Sounds easy, but this process is expensive. Here is an estimation of the costs:
A notary will charge around 20,000 colons ($40) for writing the change into the minute book and 60,000 colons ($120) to notarizing the act. To change the constitution of a company requires publication in “La Gaceta,” the official newspaper, which costs between 7,000 and 8,000 colons (up to $16). To file the paperwork costs about 65,000 colons ($130).
Add it all up and the result is 153,000 colons or three hundred and six dollars. A lot of money just to kill and inactive company.
The only alternative is to do nothing and wait to see if tax department tries to collect the money. Which they probably will in time. Now during that time, the tax, interest and penalties will all add up to more than it would have cost to close the company.
Why is the legislature trying to pass this tax? The answer is simple.

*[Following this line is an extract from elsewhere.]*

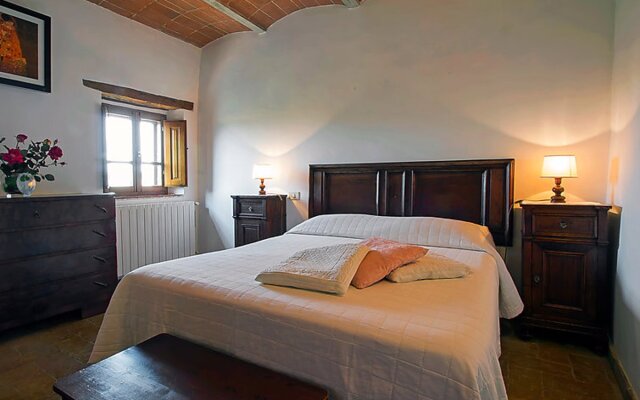 House Salustri Cinigiano 27190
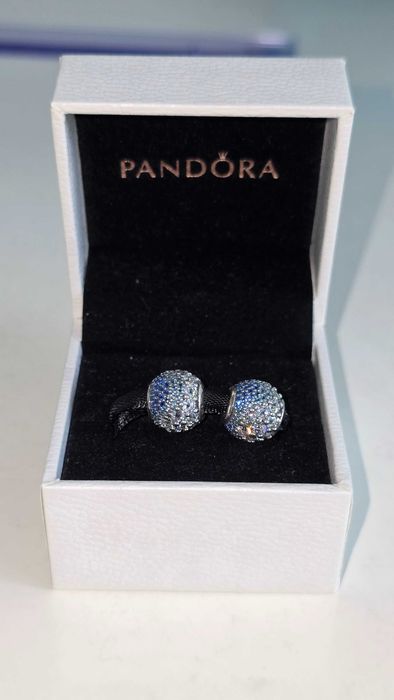 Pandora - nowy oryginalny charms Niebieski Czar Pave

Many people avoid transfer taxes on real property and other assets like vehicles by just transferring an inactive company that holds the asset.
This is perfectly legal, transferring a company to another owner, but the tax department does not get its share, the transfer taxes. It is envisioned that imposing a yearly tax on inactive companies should curtail some of this activity.

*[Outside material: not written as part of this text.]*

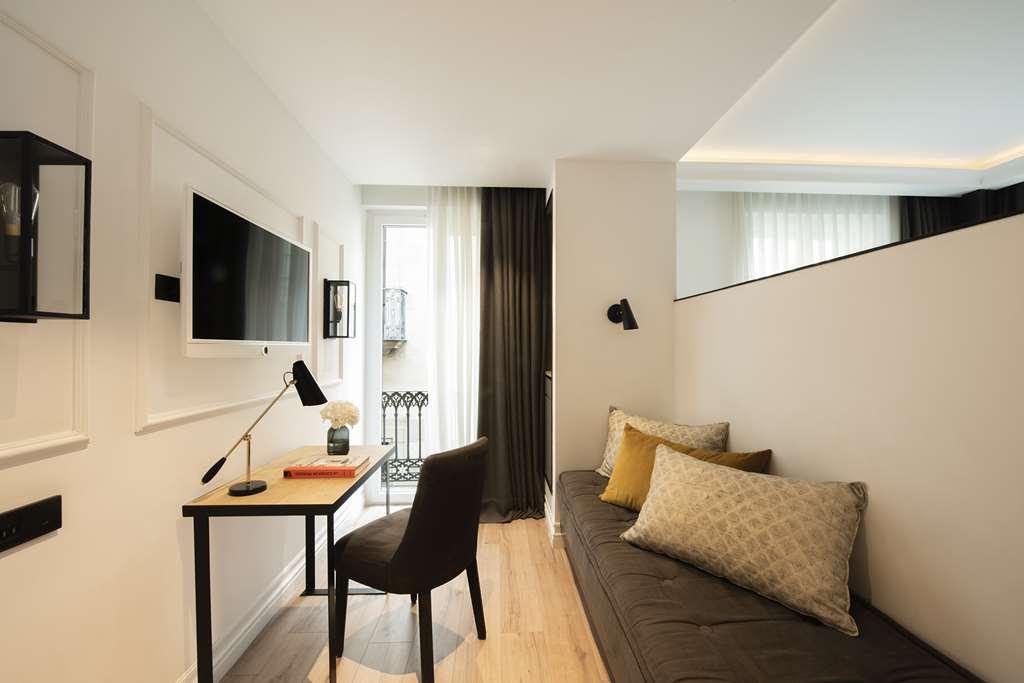 Serras Barcelona Room photo
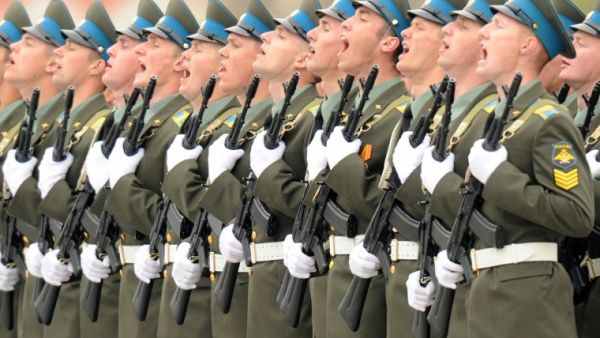 Russian soldiers participate in a parade in Moscow on May 9, 2012.  (AFP/Kirill Kudryavtsev)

This new tax really puts expats in a dilemma. It is not a very good idea for expats to hold property in their personal name.
There are many reason for stating this but the most important is due to probate. Probate is expensive and time consuming. Judicial probates can last for many years.
It is wise to hold property separate from vehicles and employees which means many expats have at least three companies. This new tax is going to make doing so too expensive for many expats.
An amnesty would be nice, to give people a chance to get rid of old and out-of-date companies. Many expats created companies years ago. Some have forgotten about them, others have no idea where the paperwork is for those entities.
Even though an amnesty seems like the thing to do, it does not look like there will be one. The tax appears imminent for this tax year. It all comes down to money.
The Costa Rican government is trying to close the loophole and collect more transfer taxes. It would be interesting to know if the legislature has considered lost new investments into the country due to imposing a yearly tax on inactive companies.
The final kicker is that this proposed new tax would not be a deductible item on the company’s incomes taxes, according to the draft of the proposed law.